En la mente de nuestros neos, el antisemitismo franquista se disuelve como un azucarillo en la labor denodada de unos cuantos diplomáticos del régimen que se arriesgaron al salvar a miles de judíos utilizando una ley de tiempos de Alfonso XIII. Esta meritoria labor humanitaria de un puñado de buenas personas ha permitido transformar al Franco paladín panarabista, que nunca reconoció al Estado de Israel, en un sionista de pro. Y de paso transformar, sin sentimiento del ridículo, a nuestros intelectuales y políticos conservadores y antisionista en defensores de la causa sionista, tal y como se les exige desde los ámbitos conservadores anglosajones. Ejemplo reciente lo tenemos en Cesar Augusto Asensio, antisionista manifiesto en 1979 y hoy profundamente prosionista. Este in albis mental les permite la osadía de acusar de antisionismo a la izquierda socialista española, a pesar de que el PSOE es un socio histórico del Partido Laborista israelí en la Internacional Socialista.
En la mente de nuestros neos, todo eso desapareció, y emergió, como una luz pura, cristalina y diáfana, el vínculo transatlántico, que hay que mantener cual llama sagrada del Olimpo.
¿Pero de que nos están hablando estos neos? El vínculo transatlántico hunde sus raíces en la liberación del fascismo en Europa en 1945, y por lo que yo se, FAES mediante, el fascismo hispano se prolongó hasta 1978. El vínculo transatlántico florece por la amenaza del comunismo hacia las democracias de Europa tras la segunda guerra, pero ni la España de la época era democrática ni los comunistas nos amenazaban de nada (aún recuerdo un planito de los años 70 en el que se cuantificaba el tiempo que tardarían en llegar los tanques soviéticos a cada uno de los países de Europa; en nuestro caso la flechita pasaba sobre nuestras cabezas hasta señalar Gibraltar, lo único que le interesaba ocupar a los rusos y lo único que le interesaba defender a la OTAN).
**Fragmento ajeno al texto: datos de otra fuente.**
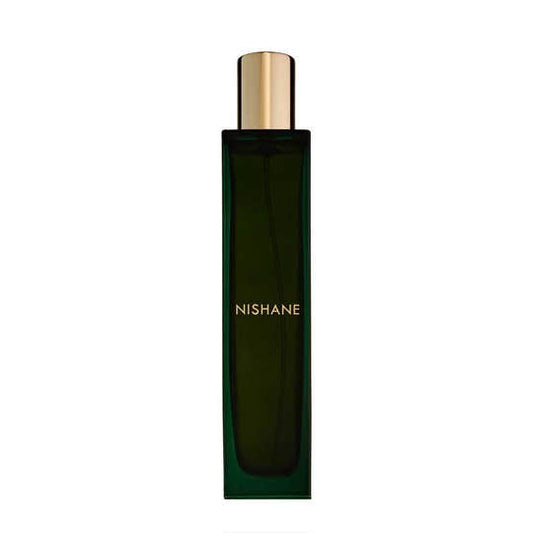 Nishane British Black Pepper Spray ambiente 100ml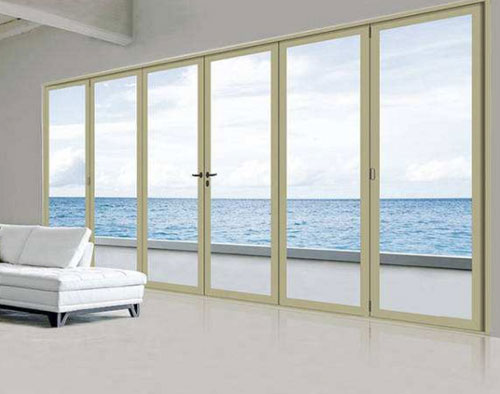 用戶體驗落實到位 門窗企業發展重心不可或缺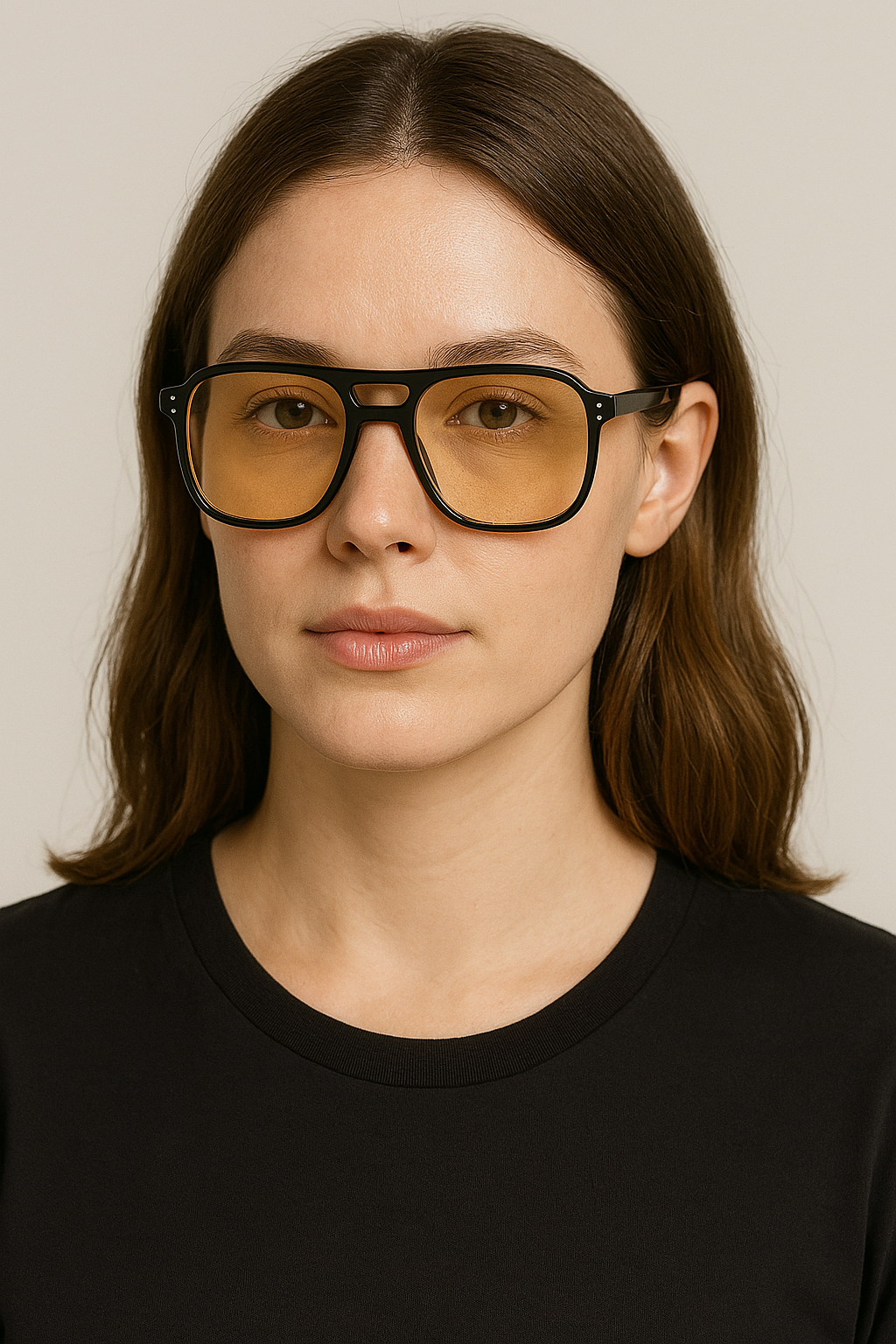 Vintage Sunglasses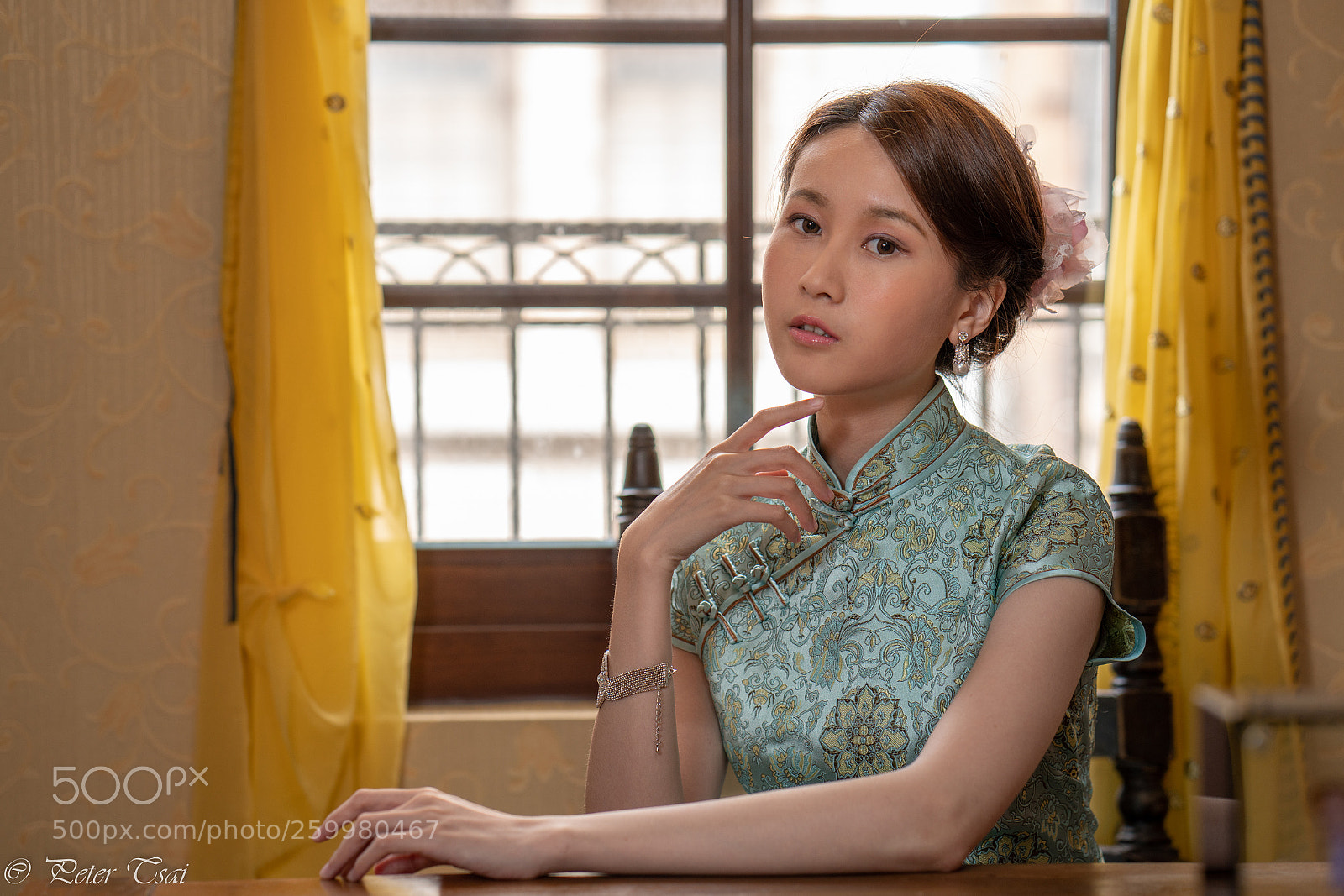 Sony a7R III sample photo. 小谷 photography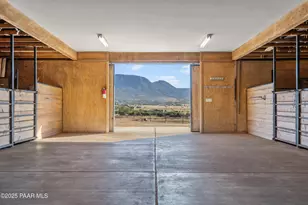 10190 N Prescott Ridge Rd, Prescott Valley, AZ 86315 - Photo 47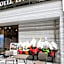 Hotel Livemax Fukuoka Tenjin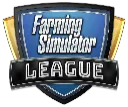 Emoji FarmingSimulator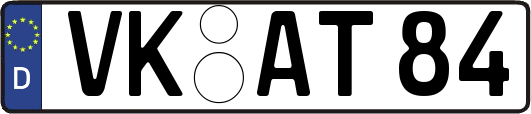 VK-AT84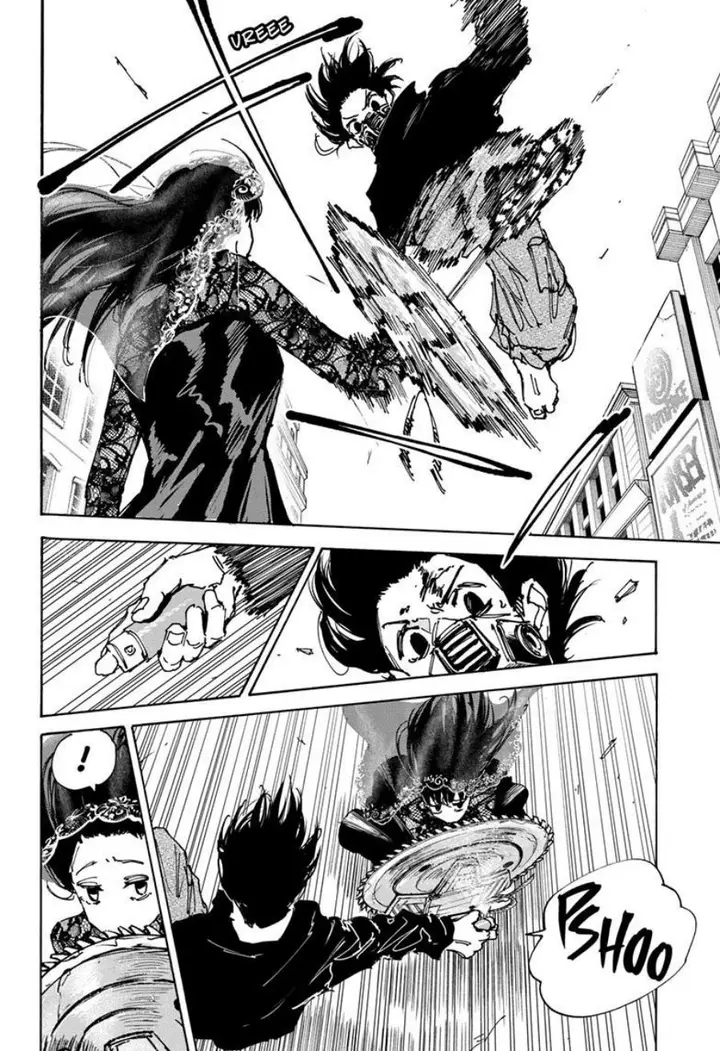 image-komik-sakamoto-days-chapter-144-10/17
A lo más que puede la derecha española agarrarse es al “lacito transatlántico” de los acuerdos firmados entre Estados Unidos y España en 1953, que supuso la salvación in extremis del régimen franquista y comida para millones de españoles (que no fue poco), pero que significó una patada más en el orgullo de la derecha española. El vínculo transatlántico comienza para España tras su ingreso en la OTAN, cuando ya nos habíamos liberado nosotros mismos del fascio y la URSS era ya solo una amenaza para sí misma.
Si fuéramos ingleses, franceses, alemanes o italianos, sería de bien nacido sentir respeto intelectual e incluso emocional por el vínculo transatlántico. Pero resulta que somos españoles, aquellos españoles que tuvieron que aguantar casi cuarenta años de dictadura franquista porque los Estados Unidos de América en vez de liberarnos en 1945 del yugo fascista lo dejaron sobrevivir treinta años más al llegar a la conclusión que Franco solo era perjudicial para los propios españoles.
Comprendo la orfandad intelectual de la derecha española y la mala conciencia que les produce su pasado franquista. Pero falsificar la historia, hacerla desaparecer y santificar un vínculo completamente extraño para la realidad española es, como ya se dijo, peor que un error: es una estupidez.